Em evento online da ABERJ, diretor do Banco Central comenta porque não crê em uma segunda onda de COVID-19 no Brasil

Em evento online da ABERJ, diretor do Banco Central comenta porque não crê em uma segunda onda de COVID-19 no Brasil

Em evento online, nosso entrevistado Fabio Kanczuk, diretor de Política Econômica do Banco Central, comentou vários pontos sobre os efeitos do COVID-19 na econômia brasileira, o cenário atual, as medidas já tomadas e comentou que não está previsto para nosso país uma “segunda onda” do coronavirus, como está acontecendo em outros países.

 

“Em nosso cenário básico não há uma segunda onda do vírus, que é a grande ameaça atual nos países desenvolvidos. Quando parecia que a pandemia já tinha acabado, veio a reabertura e as medidas de isolamento voltaram. Esse é o grande assunto hoje nos Estados Unidos e na Europa. O nosso cenário, aqui, é de que as coisas voltem sem uma nova onda.”

Apesar dessa boa perspectiva, de acordo com Kanczuk, o Banco Central estuda cenários alternativos, com base no que está acontecendo em outros países. Ele comentou que em caso de uma segunda onda, outras medidas serão tomadas em relação à economia, como por exemplo uma nova expansão de crédito.

“Nosso papel é atuar. A gente tem certeza de que, dependendo do caminho, se acontecer uma segunda onda, vamos com tudo de novo. Estamos prontos para atuar mais uma vez e fazer medidas de expansão de crédito novo. Mas é um pouco mais reativo do que pró ativo. Esse é o nosso papel. É assim que a gente vê a nossa atuação”, disse Kanczuk.

Retomada da economia

Falando sobre a recuperação da economia, Fábio Kanczuk afirmou que há várias indicações, podendo acontecer no formato de V (swoosh), onde depois de uma queda intensa, a recuperação inicia no mesma velocidade em que caiu. Existe também a representação em U, quando a retomada não é tão rápida ou ainda a W, que indica duas quedas com duas retomadas.

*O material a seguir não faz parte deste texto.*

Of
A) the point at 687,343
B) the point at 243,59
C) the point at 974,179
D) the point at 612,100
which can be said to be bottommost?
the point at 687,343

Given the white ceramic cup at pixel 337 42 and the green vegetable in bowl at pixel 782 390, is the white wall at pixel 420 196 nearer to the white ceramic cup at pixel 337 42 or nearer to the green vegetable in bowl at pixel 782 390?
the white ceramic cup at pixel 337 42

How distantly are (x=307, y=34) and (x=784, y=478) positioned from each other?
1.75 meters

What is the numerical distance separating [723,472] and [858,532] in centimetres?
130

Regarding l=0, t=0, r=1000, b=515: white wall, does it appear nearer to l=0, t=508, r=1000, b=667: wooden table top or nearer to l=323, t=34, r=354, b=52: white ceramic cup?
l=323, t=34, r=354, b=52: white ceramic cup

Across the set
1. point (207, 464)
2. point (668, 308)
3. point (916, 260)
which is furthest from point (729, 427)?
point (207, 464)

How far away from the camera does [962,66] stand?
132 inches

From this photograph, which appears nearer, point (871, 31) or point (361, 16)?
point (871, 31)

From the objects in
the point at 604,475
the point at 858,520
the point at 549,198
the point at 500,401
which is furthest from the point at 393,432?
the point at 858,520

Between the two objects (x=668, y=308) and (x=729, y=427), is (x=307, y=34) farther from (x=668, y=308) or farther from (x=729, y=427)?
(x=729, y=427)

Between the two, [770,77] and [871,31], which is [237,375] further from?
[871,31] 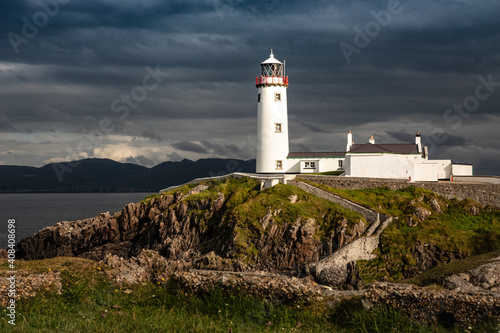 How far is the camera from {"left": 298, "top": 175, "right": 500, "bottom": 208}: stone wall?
49500 millimetres

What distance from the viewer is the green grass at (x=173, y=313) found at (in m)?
16.4

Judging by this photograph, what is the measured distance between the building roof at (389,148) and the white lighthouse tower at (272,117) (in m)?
8.63

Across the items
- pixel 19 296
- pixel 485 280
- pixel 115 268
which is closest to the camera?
pixel 19 296

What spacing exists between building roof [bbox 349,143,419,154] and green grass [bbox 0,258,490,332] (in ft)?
138

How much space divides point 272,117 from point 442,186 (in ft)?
71.1

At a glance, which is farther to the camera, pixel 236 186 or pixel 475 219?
pixel 236 186

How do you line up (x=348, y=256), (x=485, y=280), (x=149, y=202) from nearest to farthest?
(x=485, y=280) < (x=348, y=256) < (x=149, y=202)

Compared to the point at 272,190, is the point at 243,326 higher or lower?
lower

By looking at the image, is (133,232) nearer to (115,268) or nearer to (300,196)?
(300,196)

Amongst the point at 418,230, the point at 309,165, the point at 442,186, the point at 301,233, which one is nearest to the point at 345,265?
the point at 301,233

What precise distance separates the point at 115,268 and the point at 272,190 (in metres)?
29.5

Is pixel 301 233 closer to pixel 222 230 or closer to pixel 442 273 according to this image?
pixel 222 230

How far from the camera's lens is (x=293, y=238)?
43.7m

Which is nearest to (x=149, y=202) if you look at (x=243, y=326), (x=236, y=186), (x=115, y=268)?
(x=236, y=186)
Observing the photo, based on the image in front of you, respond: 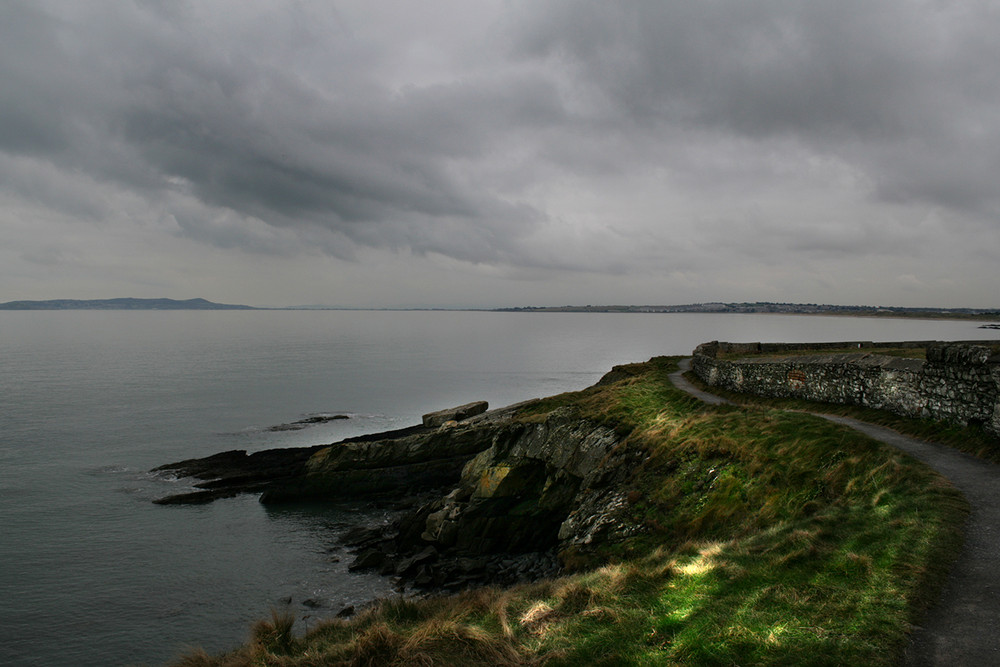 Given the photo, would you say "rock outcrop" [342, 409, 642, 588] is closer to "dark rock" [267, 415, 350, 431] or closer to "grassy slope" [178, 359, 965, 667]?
"grassy slope" [178, 359, 965, 667]

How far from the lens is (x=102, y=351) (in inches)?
4397

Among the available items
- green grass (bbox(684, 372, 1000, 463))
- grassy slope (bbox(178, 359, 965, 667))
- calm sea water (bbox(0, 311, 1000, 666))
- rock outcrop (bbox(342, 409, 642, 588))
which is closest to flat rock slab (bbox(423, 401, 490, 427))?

Kanczuk também comentou que quando acontecem crises econômicas, o sistema bancário tem que dar respostas e se refazer, assim como fazem os Estados Unidos, mas comentou que aqui a situação poderia ser diferente pois o sistema bancário do Brasil é sólido e reagiu bem às crises econômicas de 2008 e 2009.

“Nos Estados Unidos, o sistema bancário vai ter que se refazer, não vai ser algo rápido, lá tem todo um estudo de como crises financeiras mais se parecem com um U do que um V”, disse.

Já sobre o Brasil, o diretor crê que a economia poderá voltar em uma velocidade do U. Ele não crê que será no modelo V, com a recuperação mais rápida, porque existem setores que conseguem retomar, por causa do isolamento social. Nesse caso o cenário será o que é chamado pelos economistas como “swoosh”, com o gráfico parecido ao símbolo da Nike.

“Parece o símbolo da Nike, mas é um pouco diferente. É alguma coisa assim. Volta, não é um U, mas começa a perder um pouco de força, porque alguns setores não conseguem voltar.”

Varejo e indústria

Neste momento da pandemia, de acordo com Kanczuk, tanto as compras online como o movimento dos que receberam renda de programas do governo ajudaram setores como o varejo e indústria. Já outros setores não conseguiram responder rapidamente, como serviços profissionais à famílias, como cabeleireiro e serviços de limpeza, por exemplo.

“Esses não retornam com a mesma força e ficam meio em função da pandemia, de quando isso vai se encerrar”.

Para Kanczuk, dados como o da Pesquisa Mensal de Serviços (PMS), divulgada nesta quinta-feira pelo Instituto Brasileiro de Geografia e Estatística (IBGE), têm mostrado isso.  “Não teve surpresa nenhuma. Foi mais ou menos o que todo mundo esperava”.

Autonomia do Banco Central

Durante o evento, o diretor disse que a autonomia do Banco Central atrai mais os investidores externos que conhecem pouco o Brasil. “A minha impressão é de que o brasileiro não vê diferença, mas um cara que conhece bem menos de Brasil, e quer saber onde vai colocar o dinheiro, olha o país e vê que tem banco central independente, que é uma coisa de instituição correta”, afirmou.

Ele disse ainda que a Aberj se apresenta como a antiga entidade de classe representante do sistema financeiro, fundada pelos banco, e que o principal objetivo é o aprimoramento técnico. “Responsabilidade que margeia sua personalidade socioeconômica, política e cultural.”